Naturalmente, ese era un terrible castigo para un lobo tan codicioso. Entonces se le ocurrió una idea.
El lobo se apresuró a ir con la grulla. Estaba seguro de que ella, con su largo cuello y su pico estilizado, podría alcanzar fácilmente el hueso y sacarlo de su garganta. El ave se asustó muchísimo al verlo, sin embargo, él la convenció de acercarse.
—Te recompensaré muy generosamente —le dijo—, si me sacas este hueso que me está molestando.
La grulla, como era de esperarse, se sentía muy incómoda de solo pensar en meter la cabeza en la garganta de un lobo.
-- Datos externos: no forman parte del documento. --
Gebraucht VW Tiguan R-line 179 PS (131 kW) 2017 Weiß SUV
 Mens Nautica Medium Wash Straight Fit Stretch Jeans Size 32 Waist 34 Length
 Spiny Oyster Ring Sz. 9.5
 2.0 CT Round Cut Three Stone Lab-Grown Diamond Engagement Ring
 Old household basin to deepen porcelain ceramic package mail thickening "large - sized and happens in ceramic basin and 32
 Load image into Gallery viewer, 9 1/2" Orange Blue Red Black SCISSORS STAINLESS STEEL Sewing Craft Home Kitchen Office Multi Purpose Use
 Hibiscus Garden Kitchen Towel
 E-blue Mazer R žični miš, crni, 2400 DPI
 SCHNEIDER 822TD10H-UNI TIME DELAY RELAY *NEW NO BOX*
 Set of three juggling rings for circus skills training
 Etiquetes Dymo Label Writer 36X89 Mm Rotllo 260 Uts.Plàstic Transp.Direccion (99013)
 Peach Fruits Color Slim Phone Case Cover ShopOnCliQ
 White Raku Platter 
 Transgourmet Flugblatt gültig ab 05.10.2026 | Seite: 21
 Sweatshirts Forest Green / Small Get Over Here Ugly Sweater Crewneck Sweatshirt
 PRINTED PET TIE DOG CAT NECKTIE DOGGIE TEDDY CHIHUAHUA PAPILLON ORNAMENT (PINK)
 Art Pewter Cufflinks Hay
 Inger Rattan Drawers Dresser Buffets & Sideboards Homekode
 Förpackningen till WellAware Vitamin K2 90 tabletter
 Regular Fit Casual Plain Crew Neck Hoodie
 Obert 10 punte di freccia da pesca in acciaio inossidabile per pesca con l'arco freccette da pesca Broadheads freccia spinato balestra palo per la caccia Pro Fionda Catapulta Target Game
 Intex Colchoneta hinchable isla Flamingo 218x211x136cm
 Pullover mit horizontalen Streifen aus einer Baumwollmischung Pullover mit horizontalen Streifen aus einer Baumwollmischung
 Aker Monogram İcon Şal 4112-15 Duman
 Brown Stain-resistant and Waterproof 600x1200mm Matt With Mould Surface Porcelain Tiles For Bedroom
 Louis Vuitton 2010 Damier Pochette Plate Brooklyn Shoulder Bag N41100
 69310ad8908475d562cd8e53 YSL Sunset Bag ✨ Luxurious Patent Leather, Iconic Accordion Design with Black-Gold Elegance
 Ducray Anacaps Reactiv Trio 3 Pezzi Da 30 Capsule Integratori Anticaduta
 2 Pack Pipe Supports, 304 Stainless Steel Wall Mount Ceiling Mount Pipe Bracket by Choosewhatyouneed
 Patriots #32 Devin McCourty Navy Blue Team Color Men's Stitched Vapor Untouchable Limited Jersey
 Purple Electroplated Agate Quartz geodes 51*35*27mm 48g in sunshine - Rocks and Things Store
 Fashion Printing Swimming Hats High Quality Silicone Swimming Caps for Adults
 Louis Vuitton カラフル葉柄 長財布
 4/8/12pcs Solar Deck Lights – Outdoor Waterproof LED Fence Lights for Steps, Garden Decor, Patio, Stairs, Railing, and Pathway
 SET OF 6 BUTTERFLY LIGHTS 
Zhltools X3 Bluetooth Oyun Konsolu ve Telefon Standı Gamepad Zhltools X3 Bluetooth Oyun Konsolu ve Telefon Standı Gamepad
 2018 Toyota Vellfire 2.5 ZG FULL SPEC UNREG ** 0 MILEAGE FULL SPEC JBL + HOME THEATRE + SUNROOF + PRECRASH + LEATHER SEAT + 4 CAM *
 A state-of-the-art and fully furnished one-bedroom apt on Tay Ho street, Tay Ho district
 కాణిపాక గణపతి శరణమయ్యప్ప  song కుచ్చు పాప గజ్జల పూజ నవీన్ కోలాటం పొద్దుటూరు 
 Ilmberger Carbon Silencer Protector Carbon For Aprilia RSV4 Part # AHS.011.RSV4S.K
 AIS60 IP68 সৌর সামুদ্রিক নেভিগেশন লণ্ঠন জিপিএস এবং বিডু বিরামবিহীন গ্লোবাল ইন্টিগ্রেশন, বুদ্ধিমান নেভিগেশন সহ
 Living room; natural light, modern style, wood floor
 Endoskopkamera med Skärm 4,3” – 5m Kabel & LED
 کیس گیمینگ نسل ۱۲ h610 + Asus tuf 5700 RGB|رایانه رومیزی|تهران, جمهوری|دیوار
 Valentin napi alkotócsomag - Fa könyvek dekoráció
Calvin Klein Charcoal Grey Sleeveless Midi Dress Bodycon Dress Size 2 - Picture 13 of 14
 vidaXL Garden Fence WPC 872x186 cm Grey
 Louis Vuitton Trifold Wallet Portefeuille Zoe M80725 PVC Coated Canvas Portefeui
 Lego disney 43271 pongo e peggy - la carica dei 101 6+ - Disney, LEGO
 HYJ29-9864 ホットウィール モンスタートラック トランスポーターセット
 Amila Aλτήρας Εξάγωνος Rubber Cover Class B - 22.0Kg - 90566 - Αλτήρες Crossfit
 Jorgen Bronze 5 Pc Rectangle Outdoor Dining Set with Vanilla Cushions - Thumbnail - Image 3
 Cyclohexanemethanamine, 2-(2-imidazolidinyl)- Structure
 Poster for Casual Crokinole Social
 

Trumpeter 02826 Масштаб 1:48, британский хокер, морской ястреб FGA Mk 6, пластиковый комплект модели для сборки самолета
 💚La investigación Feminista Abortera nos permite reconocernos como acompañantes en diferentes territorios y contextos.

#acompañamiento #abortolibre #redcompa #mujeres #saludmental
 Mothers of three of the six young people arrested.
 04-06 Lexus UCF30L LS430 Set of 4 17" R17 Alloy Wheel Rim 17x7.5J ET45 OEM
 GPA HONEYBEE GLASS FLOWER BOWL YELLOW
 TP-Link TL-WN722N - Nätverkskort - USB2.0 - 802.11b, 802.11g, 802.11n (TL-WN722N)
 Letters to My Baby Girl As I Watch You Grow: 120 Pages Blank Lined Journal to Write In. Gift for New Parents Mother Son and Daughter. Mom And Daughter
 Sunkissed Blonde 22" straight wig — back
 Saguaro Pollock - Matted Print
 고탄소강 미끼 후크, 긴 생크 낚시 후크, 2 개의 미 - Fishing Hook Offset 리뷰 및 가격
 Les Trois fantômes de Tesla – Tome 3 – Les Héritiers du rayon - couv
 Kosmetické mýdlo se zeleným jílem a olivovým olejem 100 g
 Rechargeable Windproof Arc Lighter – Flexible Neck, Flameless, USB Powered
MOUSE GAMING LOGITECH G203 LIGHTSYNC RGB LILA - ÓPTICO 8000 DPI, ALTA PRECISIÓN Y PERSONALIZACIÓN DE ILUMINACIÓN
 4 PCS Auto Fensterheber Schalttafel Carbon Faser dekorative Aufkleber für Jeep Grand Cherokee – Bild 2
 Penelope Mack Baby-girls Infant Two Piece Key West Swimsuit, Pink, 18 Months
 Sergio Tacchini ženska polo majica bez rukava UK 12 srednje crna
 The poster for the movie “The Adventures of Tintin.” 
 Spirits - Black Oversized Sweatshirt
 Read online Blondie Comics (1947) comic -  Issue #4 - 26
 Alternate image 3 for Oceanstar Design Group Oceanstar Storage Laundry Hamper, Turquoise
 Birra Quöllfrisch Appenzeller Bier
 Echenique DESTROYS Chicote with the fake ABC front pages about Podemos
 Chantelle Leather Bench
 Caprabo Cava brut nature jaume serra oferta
Sin embargo, ella era amable por naturaleza y le costaba mucho decir que no a los demás, así que hizo lo que el lobo le pidió.
Apenas sintió él que el hueso se había ido, comenzó a alejarse.
—¡Espera! ¿Qué hay de mi recompensa? —le gritó la grulla con ansiedad.
—¡¿Qué?! —gruñó el lobo, dándose la vuelta para mirarla con desdén— ¿Es que no te basta con que te deje sacar la cabeza de mi boca sin arrancártela de un mordisco?
Moraleja: No esperes recibir recompensa por servir a los malvados, pues quien es traidor por naturaleza, no le dará las gracias ni siquiera a quien lo ha ayudado.